5.2.1.1. ON Core Monitoring

We define and strongly recommend to have a monitoring process in place for each Role (Sensor, Core, Analytics) in any productive environment.

We classify and define different monitoring methods as:

  • Trending: Where the system resources monitor hardware performance and its status.

  • External Network services: Availability where those are checked from outside.

  • Processes and Events to be monitored: That are up and running along with its related events.

  • Healthcheck: ON Core has a multiple internal checks to make sure services are up and running as expected.

  • Monitor User: To check if radius petitions work properly.

To understand better how to monitor the ON Core, we recommend to review the ON Core Architecture section

5.2.1.1.2. External Network Services

Check service availability:

  • DNS server (port TCP/53 and UDP/53), if this service is enabled.

  • DHCP server (port UDP/67), if this service is enabled.

  • DHCP-HELPER-READER service (port UDP/67), if this service is enabled.

  • Radius server (port UDP/1812 and UDP/1813)
    • It would be interesting to use a RADIUS connection check with a valid user and credentials.
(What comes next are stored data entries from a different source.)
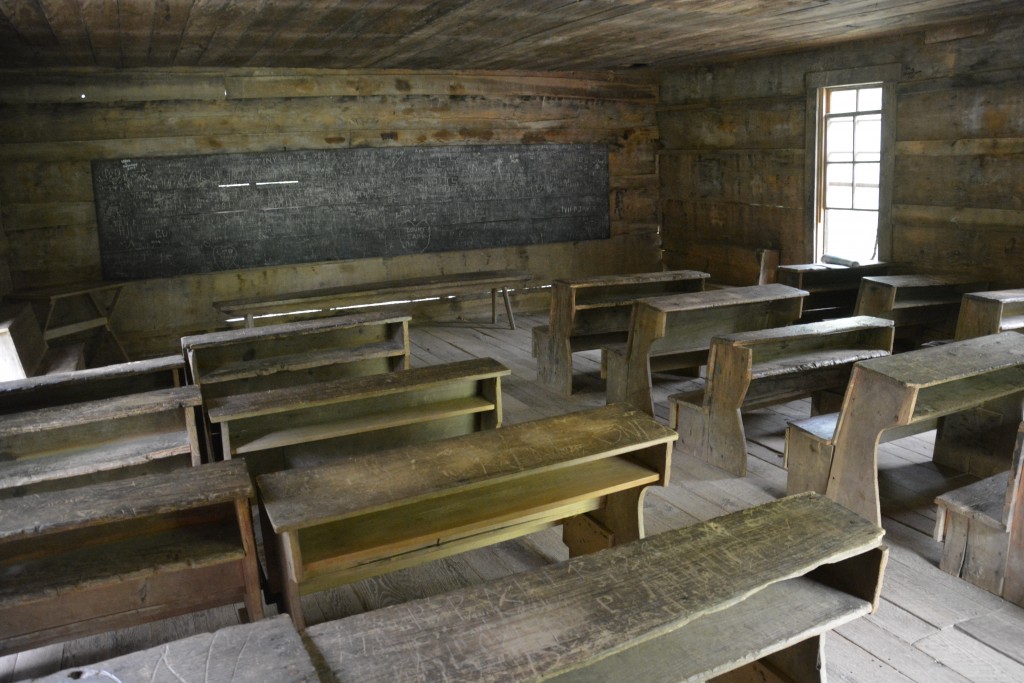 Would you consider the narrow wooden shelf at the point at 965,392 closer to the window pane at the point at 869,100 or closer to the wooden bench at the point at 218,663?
the wooden bench at the point at 218,663

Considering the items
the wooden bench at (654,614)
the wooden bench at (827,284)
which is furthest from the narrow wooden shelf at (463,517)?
the wooden bench at (827,284)

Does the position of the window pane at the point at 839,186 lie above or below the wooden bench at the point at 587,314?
above

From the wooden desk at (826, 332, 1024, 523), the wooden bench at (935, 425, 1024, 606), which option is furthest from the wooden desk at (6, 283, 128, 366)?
the wooden bench at (935, 425, 1024, 606)

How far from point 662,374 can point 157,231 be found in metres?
4.41

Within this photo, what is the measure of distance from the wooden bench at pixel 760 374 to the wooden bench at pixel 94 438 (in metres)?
2.37

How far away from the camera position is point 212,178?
696 cm

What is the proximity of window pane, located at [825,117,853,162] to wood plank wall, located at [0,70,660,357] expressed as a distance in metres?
2.27

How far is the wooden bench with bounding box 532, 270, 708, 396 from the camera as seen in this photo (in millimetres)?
5172

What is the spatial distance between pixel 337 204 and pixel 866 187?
4.58 meters

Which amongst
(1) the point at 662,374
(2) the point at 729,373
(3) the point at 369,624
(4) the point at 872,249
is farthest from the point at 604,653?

  • MySQL server (port TCP/3306)
    • iptables firewall would have to be modified to enable access from the monitor server to this service.

  • Queues server (port TCP/4730)
    • iptables firewall would have to be modified to enable access from the monitor server to this service.
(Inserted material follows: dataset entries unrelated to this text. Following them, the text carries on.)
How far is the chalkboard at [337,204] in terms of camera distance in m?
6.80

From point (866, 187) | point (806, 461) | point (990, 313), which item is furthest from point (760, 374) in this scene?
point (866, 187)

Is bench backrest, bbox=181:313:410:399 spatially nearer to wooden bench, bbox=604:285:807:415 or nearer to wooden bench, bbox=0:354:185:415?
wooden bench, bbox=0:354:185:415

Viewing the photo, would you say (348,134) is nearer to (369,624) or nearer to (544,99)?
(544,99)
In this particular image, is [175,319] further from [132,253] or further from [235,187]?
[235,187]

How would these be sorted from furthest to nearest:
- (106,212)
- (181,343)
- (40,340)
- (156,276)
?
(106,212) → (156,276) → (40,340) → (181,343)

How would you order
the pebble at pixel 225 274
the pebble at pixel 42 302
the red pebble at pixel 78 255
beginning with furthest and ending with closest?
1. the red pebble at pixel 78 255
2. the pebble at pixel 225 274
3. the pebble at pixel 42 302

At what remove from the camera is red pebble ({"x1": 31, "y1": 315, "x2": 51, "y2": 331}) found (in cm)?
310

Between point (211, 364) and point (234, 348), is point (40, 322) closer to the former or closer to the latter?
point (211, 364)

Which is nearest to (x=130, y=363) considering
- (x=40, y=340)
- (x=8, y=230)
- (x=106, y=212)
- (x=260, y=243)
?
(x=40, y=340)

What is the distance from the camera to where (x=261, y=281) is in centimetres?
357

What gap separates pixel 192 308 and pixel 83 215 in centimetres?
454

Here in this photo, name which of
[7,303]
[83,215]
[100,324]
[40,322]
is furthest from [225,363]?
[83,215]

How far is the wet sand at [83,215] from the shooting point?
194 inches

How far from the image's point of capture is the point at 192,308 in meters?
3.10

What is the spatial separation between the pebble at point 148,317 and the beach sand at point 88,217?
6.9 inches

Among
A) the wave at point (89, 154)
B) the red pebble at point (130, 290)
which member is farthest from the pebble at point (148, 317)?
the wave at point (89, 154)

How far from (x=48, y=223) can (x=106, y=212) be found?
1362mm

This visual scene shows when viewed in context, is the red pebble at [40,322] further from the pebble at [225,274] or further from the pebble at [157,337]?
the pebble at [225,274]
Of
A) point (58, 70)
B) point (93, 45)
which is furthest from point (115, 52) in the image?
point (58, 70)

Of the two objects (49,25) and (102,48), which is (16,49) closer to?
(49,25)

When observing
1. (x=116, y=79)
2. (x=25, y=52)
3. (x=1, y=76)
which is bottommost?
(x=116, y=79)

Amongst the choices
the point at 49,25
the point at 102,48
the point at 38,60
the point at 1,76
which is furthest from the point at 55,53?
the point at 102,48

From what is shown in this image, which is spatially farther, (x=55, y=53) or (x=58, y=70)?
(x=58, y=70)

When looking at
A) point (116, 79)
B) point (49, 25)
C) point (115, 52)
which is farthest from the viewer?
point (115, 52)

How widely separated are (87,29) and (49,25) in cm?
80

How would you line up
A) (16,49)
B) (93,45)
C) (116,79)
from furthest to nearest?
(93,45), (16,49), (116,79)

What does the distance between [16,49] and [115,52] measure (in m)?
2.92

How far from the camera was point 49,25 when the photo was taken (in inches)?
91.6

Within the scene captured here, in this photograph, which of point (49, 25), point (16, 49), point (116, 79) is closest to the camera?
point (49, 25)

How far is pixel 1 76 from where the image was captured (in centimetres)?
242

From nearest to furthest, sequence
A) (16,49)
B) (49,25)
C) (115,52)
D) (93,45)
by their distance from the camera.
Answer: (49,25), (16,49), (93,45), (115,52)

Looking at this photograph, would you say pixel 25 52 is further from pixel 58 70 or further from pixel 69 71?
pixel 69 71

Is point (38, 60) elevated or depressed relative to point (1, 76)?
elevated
  • HTTP/HTTPS server (port TCP/80 and TCP/443): Apart from checking the HTTP/HTTPS service, a status page is defined as http://openNACServer/status, where the output would be a JSON like the following:

*{"db":1,"queue":{"pending_jobs":0,"running_jobs":0,"available_workers":5}}*
**db** field has to be "1", and @queue@ depending on your queues configuration and usage.
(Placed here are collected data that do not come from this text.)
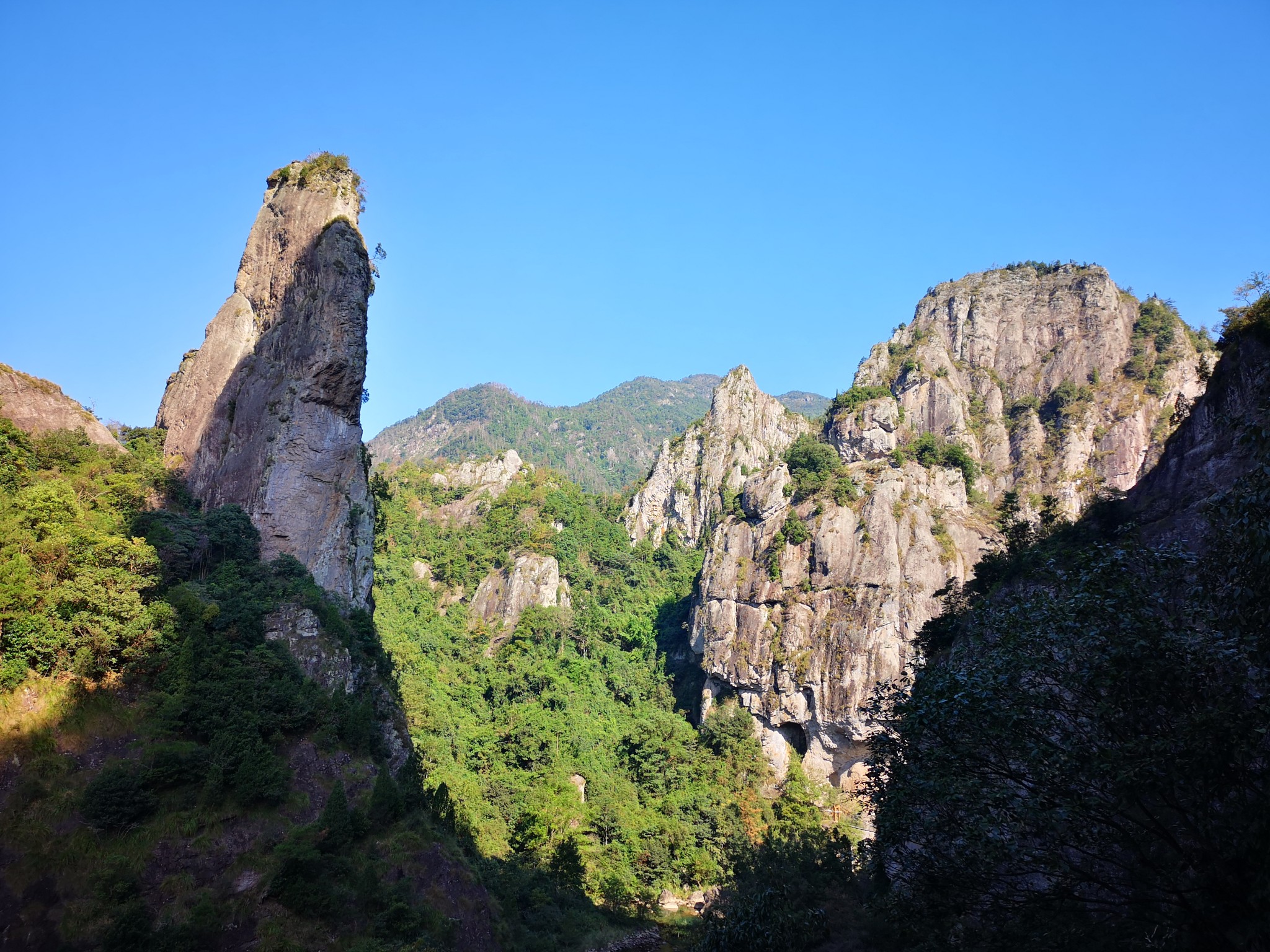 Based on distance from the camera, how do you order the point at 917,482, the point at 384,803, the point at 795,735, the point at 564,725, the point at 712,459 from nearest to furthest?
the point at 384,803 → the point at 564,725 → the point at 795,735 → the point at 917,482 → the point at 712,459

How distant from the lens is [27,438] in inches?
993

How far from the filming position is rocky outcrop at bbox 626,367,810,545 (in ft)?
250

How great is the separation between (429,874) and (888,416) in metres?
47.9

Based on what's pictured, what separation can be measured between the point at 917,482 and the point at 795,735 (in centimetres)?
1923

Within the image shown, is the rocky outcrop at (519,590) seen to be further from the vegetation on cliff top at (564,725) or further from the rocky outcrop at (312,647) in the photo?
the rocky outcrop at (312,647)

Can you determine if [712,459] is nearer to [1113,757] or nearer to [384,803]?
[384,803]

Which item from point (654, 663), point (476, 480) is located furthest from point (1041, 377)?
point (476, 480)

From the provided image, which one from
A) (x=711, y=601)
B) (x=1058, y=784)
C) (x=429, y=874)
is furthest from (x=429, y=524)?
(x=1058, y=784)

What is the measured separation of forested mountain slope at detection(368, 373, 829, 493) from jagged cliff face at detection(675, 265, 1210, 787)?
247ft

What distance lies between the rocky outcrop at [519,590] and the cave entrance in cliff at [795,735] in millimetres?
20141

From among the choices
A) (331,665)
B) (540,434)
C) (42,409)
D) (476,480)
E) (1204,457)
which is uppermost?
(540,434)

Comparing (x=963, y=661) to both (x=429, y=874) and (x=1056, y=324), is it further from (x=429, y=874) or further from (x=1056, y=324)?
(x=1056, y=324)

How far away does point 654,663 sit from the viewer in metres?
59.2

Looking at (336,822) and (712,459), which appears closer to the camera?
(336,822) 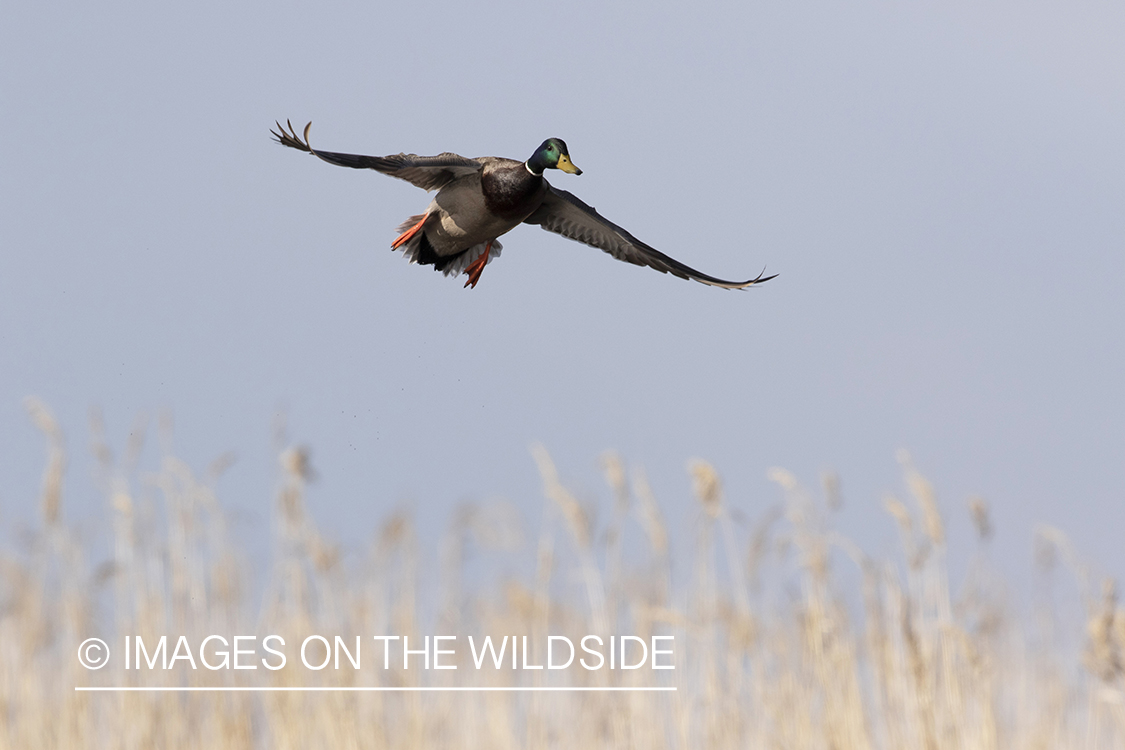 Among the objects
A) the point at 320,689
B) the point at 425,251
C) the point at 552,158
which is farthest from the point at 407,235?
the point at 320,689

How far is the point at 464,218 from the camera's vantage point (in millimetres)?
4078

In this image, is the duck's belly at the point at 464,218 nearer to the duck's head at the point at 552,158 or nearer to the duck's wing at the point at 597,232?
the duck's head at the point at 552,158

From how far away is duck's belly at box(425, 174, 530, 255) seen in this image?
13.3 feet

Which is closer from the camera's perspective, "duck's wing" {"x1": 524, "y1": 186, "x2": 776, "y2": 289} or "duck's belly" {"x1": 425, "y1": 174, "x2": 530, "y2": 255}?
"duck's belly" {"x1": 425, "y1": 174, "x2": 530, "y2": 255}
5.2.1.1.3. Processes and Events to be monitored

The following services can be externally monitored:

  • httpd

  • krb5kdc

  • Radiusd

  • Opennac

  • Mysqld

  • Radius log events monitoring:
    • Auth fails more than 100 per minute

    • Errors regarding duplicated request not bigger that 50 per minutes.

5.2.1.1.4. Healthcheck

Different modules are being checked by the out of the Box ON Core instances. For the different roles of the ON Core we can find:

5.2.1.1.4.1. ON Principal

To configure the ON Principal healthcheck, visit the healthcheck configuration:

  • AD_DOMAIN_MEMBER

  • ADM_USER_PASSWD_EXPIRATION

  • BACKEND

  • BACKUP

  • CACHE

  • CAPTIVE_PORTAL

  • CAPTIVE_PORTAL_THEMES

  • COLLECTD

  • DB

  • DISK_BACKUP

  • DISK_ROOT

  • DISK_TMP

  • DISK_VAR

  • DISK_VAR_LOG

  • DNS

  • FILEBEAT

  • HTTP_CERTIFICATE

  • LDAP

  • LOGCOLLECTOR

  • NTLM

  • PORTAL

  • QUEUE

  • RADIUS

  • RADIUS_CERTIFICATE

  • RAM

  • SYSTEM_INFO

  • SYSTEM_LOAD

  • TIME_SYNC

  • UDS

  • VPN_NODES

  • WINBIND

5.2.1.1.4.2. ON Worker

To configure the ON Worker healthcheck, visit the healthcheck configuration section:

  • AD_DOMAIN_MEMBER

  • BACKEND

  • BACKUP

  • CACHE

  • CAPTIVE_PORTAL

  • CAPTIVE_PORTAL_THEMES

  • COLLECTD

  • DB

  • DBREPLICATION

  • DHCPHELPERREADER

  • DISK_BACKUP

  • DISK_ROOT

  • DISK_TMP

  • DISK_VAR

  • DISK_VAR_LOG

  • DNS

  • FILEBEAT

  • HTTP_CERTIFICATE

  • LOGCOLLECTOR

  • NTLM

  • NXLOG

  • PORTAL

  • QUEUE

  • RADIUS

  • RADIUS_CERTIFICATE

  • RAM

  • SYSTEM_INFO

  • SYSTEM_LOAD

  • TIME_SYNC

  • UDS

  • VPN_NODES

  • WINBIND

5.2.1.1.4.3. ON Proxy

To configure ON Proxy healthcheck, visit the healthcheck configuration:

  • BACKUP

  • COLLECTD

  • DISK_BACKUP

  • DISK_ROOT

  • DISK_TMP

  • DISK_VAR

  • DISK_VAR_LOG

  • DNS

  • LOGCOLLECTOR

  • RADIUS

  • RADIUS_CERTIFICATE

  • RAM

  • SYSTEM_INFO

  • SYSTEM_LOAD

  • TIME_SYNC

5.2.1.1.4.4. ON Portal

To configure ON Portal healthcheck, visit the healthcheck configuration:

  • BACKUP

  • CACHE

  • CAPTIVE_PORTAL_THEMES

  • COLLECTD

  • DISK_BACKUP

  • DISK_ROOT

  • DISK_TMP

  • DISK_VAR

  • DISK_VAR_LOG

  • DNS

  • HTTP_CERTIFICATE

  • LOGCOLLECTOR

  • PORTAL

  • RAM

  • SYSTEM_INFO

  • SYSTEM_LOAD

  • TIME_SYNC

5.2.1.1.5. Monitor User

The Monitor user is a utility integrated to our tool that, in this case, will help us to know if RADIUS server authentications are working.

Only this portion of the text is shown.